O Ministério Público do Tribunal de Contas da União (MPTCU) solicitou, nesta sexta-feira, ao Tribunal de Contas da União (TCU) a interrupção da construção de uma sala VIP para os ministros do Tribunal Superior do Trabalho (TST) no aeroporto de Brasília. O pedido se baseia na dispensa de licitação que foi utilizada para a contratação da obra, avaliada em R$ 1,5 milhão.

O contrato, com validade de dois anos, inclui um aluguel mensal de R$ 30 mil, além de custos adicionais com obras e serviços. A sala projetada terá 44 metros quadrados, com piso de granito, paredes de gesso, copa e banheiros privativos. O TST também contratou serviços de transporte privativo e acompanhamento pessoal para os ministros, com custos de R$ 144 por deslocamento e R$ 284 por atendimento.

Questões de Legalidade e Necessidade

O MPTCU questiona a legalidade e a economicidade do contrato, ressaltando a falta de estudos técnicos que justifiquem a necessidade de um espaço exclusivo para os ministros. O subprocurador-geral Lucas Rocha Furtado destacou que já existem salas VIP disponíveis no aeroporto, que poderiam ser utilizadas, evitando gastos excessivos.

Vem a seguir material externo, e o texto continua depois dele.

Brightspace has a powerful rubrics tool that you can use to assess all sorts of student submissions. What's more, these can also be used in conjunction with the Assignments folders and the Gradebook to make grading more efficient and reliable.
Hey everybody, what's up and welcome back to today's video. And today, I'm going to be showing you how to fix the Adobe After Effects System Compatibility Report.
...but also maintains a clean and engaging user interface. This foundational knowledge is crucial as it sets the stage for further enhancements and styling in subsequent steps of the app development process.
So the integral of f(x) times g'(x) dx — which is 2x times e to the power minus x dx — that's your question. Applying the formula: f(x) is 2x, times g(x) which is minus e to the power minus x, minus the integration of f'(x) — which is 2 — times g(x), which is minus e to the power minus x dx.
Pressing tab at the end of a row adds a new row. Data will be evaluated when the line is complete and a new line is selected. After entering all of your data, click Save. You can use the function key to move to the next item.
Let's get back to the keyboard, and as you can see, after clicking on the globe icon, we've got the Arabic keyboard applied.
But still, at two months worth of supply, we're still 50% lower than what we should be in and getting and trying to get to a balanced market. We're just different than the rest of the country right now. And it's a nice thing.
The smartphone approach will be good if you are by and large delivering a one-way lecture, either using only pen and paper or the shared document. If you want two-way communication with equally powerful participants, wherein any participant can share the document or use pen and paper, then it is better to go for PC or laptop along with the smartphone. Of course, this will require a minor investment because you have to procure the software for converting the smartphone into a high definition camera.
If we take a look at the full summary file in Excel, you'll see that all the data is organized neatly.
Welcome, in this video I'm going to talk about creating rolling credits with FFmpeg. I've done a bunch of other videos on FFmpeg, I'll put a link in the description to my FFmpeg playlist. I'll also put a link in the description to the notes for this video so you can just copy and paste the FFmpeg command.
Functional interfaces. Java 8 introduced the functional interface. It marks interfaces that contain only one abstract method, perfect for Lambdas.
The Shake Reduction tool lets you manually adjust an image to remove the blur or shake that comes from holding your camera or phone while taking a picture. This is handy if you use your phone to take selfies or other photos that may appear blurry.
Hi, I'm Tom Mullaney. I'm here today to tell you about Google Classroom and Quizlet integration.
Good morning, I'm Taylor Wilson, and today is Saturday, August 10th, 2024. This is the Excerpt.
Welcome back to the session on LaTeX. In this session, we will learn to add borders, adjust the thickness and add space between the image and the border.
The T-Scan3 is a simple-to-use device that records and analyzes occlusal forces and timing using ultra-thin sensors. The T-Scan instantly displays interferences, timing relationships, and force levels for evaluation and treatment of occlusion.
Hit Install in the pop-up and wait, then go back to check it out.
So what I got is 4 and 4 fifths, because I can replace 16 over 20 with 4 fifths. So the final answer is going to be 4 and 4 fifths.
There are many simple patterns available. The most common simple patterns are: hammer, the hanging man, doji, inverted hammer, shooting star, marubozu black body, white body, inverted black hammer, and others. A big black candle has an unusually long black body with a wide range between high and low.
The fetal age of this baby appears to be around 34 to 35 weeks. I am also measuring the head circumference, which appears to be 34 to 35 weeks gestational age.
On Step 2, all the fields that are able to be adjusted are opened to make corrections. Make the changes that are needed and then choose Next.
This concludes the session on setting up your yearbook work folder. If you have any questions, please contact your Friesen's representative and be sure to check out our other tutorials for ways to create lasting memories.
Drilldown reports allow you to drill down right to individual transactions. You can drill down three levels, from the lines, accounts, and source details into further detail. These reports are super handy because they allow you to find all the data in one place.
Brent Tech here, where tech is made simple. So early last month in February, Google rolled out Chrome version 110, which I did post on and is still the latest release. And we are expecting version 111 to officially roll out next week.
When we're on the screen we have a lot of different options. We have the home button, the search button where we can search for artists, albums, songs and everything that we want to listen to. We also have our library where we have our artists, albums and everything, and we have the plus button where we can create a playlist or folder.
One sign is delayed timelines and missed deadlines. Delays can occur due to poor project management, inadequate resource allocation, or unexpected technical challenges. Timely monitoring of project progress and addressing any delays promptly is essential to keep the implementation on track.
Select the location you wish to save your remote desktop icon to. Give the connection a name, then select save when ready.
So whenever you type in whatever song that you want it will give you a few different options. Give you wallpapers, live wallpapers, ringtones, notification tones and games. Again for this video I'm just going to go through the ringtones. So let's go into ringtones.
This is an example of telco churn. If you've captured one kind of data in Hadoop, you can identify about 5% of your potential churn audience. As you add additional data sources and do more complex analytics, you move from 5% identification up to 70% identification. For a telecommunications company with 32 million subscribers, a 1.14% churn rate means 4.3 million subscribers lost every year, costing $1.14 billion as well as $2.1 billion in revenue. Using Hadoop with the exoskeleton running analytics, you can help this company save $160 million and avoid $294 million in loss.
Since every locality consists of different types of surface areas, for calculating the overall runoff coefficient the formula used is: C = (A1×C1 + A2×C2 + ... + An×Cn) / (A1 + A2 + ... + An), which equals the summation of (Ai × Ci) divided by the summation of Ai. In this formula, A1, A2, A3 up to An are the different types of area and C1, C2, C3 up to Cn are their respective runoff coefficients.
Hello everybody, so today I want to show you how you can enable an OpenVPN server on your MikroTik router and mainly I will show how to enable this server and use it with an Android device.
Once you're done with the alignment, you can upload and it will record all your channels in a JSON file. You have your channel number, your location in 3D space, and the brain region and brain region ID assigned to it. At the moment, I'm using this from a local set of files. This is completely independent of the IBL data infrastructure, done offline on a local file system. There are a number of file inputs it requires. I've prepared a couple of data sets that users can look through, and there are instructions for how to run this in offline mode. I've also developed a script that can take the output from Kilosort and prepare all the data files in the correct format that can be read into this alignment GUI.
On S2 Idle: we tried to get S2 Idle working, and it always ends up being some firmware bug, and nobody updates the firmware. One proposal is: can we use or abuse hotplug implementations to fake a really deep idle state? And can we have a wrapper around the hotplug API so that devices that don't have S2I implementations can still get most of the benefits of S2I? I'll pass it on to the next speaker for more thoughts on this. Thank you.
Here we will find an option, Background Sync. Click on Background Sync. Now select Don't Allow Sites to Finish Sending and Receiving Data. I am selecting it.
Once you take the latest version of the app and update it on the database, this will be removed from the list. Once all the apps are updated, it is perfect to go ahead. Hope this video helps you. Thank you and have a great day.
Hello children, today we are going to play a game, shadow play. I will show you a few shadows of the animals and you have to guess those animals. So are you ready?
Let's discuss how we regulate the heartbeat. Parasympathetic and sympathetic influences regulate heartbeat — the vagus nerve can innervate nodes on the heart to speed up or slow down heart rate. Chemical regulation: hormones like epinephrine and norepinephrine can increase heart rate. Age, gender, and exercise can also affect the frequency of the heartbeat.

Além disso, o MPTCU criticou o uso de recursos públicos para benefícios que favorecem apenas um grupo restrito. O órgão recomendou ao TST a adoção de alternativas mais econômicas e alinhadas ao interesse público, como o reforço da segurança, sem gerar custos adicionais ao setor público.

Defesa do TST

O TST defendeu a construção da sala VIP como uma medida de segurança, alegando que o espaço visa proteger os ministros de “aproximações inconvenientes”. No entanto, a justificativa não convenceu o MPTCU, que continua a pressionar pela revisão dos gastos e pela interrupção da obra.